Extracting an absolute isn’t easy. For example, it takes 45 minutes to pick 5,000 jasmine flowers, which weigh about a pound: it takes 800 pounds of such flowers to provide only one pound of jasmine absolute. This is one reason synthetic scents are increasingly being used.
One area of perfuming where synthetics have almost entirely triumphed is in the selection of “fixatives,” which bind the various “fragrances” (the plant-based scents) together and equalize their rate of evaporation. For centuries, the most important fixatives were civet, from the scent glands of the civet cat; musk, from the male musk deer; castor, from beavers, and ambergris, from the intestines of sperm whales. Animal welfare concerns have pretty well eliminated the use of these substances. (Much to the relief of perfume-wearers everywhere, one would think. Yuck!)
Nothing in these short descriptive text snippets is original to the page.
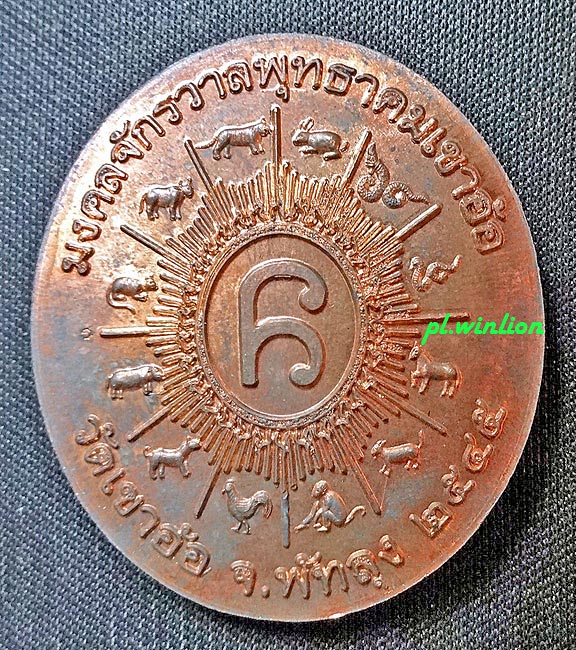 เหรียญหลวงพ่อทวด รุ่นมงคลจักรวาลพุทธาคมเขาอ้อ ขนาด 4.5 ซม. วัดเขาอ้อ ปี 2545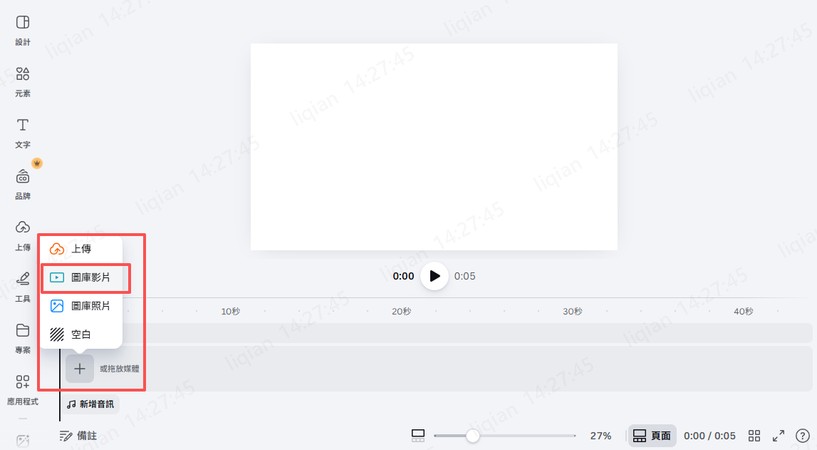 Canva 影片加入音樂：上傳影片到時間軸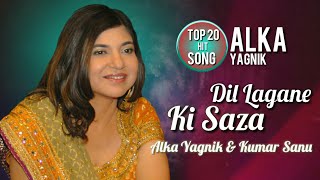#Dil_Lagane_Ki_Saza #Ananda_Top Dil Lagane Ki Saza - Alka Yagnik & Kumar Sanu - Ananda Top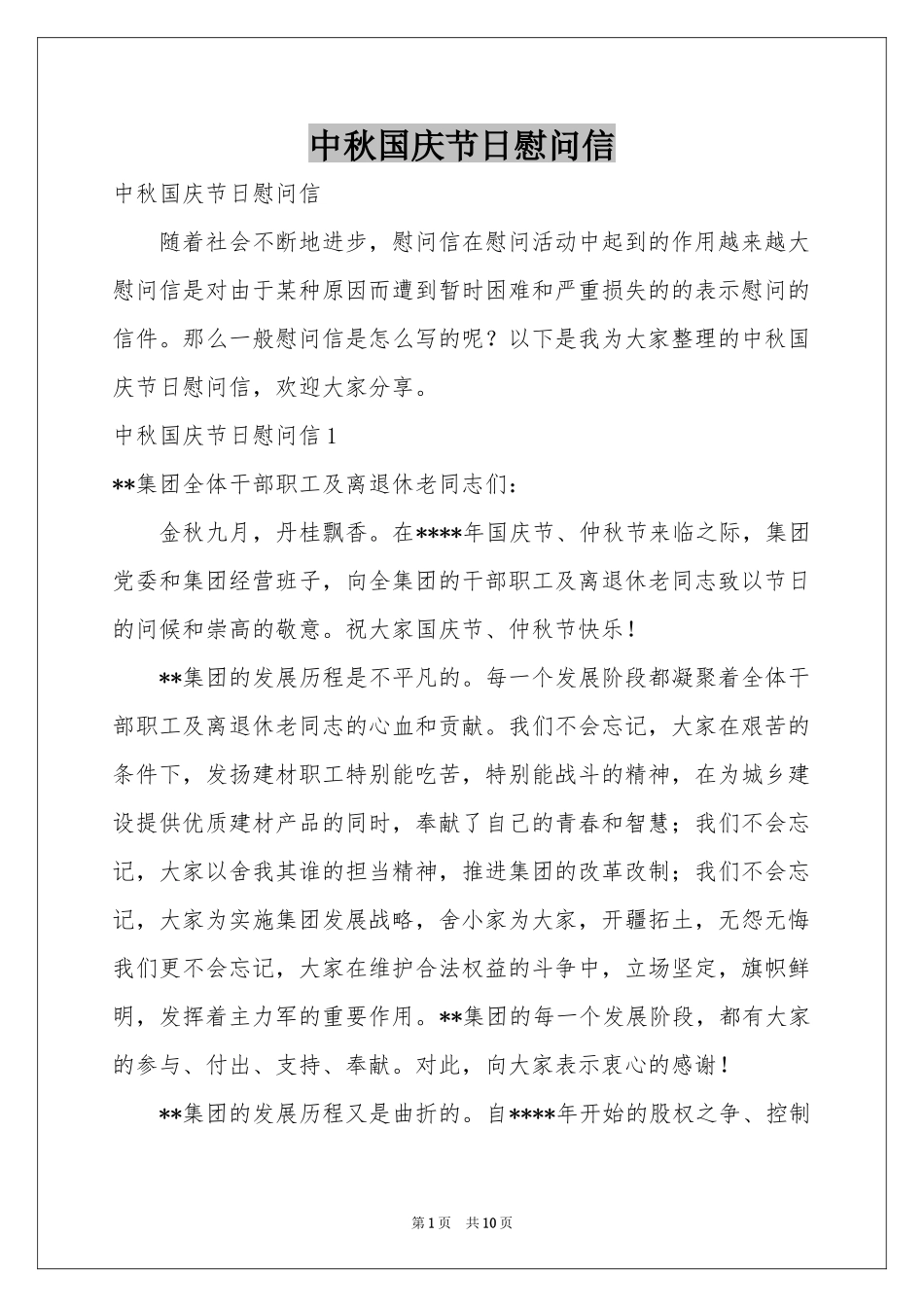 中秋国庆节日慰问信_第1页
To create a perfume, a nose usually sits down at a U-shaped desk surrounded by racks of little vials of ingredients, known as “le jus”–“the juice”. Drawing on careful tests, copious notes, years of experience–and, these days, computer databases–the nose mixes, blends and re-blends until a new perfume is born.
This set up–the U-shaped desk, the little vials–is known as the “organ,” which may be why the composition of a perfume is described in terms of notes. Each essential oil and each completed perfume has three notes. “Notes de tepte,” “top notes,” are volatile aromas like lemon or orange, that give the perfume its initial tang but vanish swiftly. “Notes de couer,” “heart notes,” such as rose, jasmine or iris, provide richness and body. Finally, “notes de fond,” “base notes,” such as sandalwood or cedar, provide a long-lasting bouquet. The perfumer may also add “spicy notes,” “woody notes,” “Oriental notes,” “green notes” or “fruity notes.”
The completed concentrated blend is not what is sold in the store. Scents are sold as perfume (15 to 30 percent concentrate in a solution of alcohol and water), eau de parfum (10 to 15 percent), eau de cologne (five to eight percent) and eau de toilette (two to four percent). Cologne and eau de toilette come in larger bottles and are much cheaper. (By the way, most of the cost of a, say, $150-an-ounce bottle of perfume is the cost of development and marketing: the ingredients of the perfume itself, no matter how exotic, probably account for only about a tenth of the cost.)
Which brings us to the hazardous occupation of attempting to buy a scent for a loved one. Just because something costs $150 an ounce doesn’t mean the loved one in question will like it. And you can’t even test it by dabbing a little on your own wrist and taking a sniff: the chemicals in the perfume react with the chemicals in the wearer’s skin, so that the actual scent is a little bit different on everybody. While researching this, for instance, I discovered that Chanel No. 5 just isn’t my scent. Laura Ashley, though, is a different matter. (Don’t ask.)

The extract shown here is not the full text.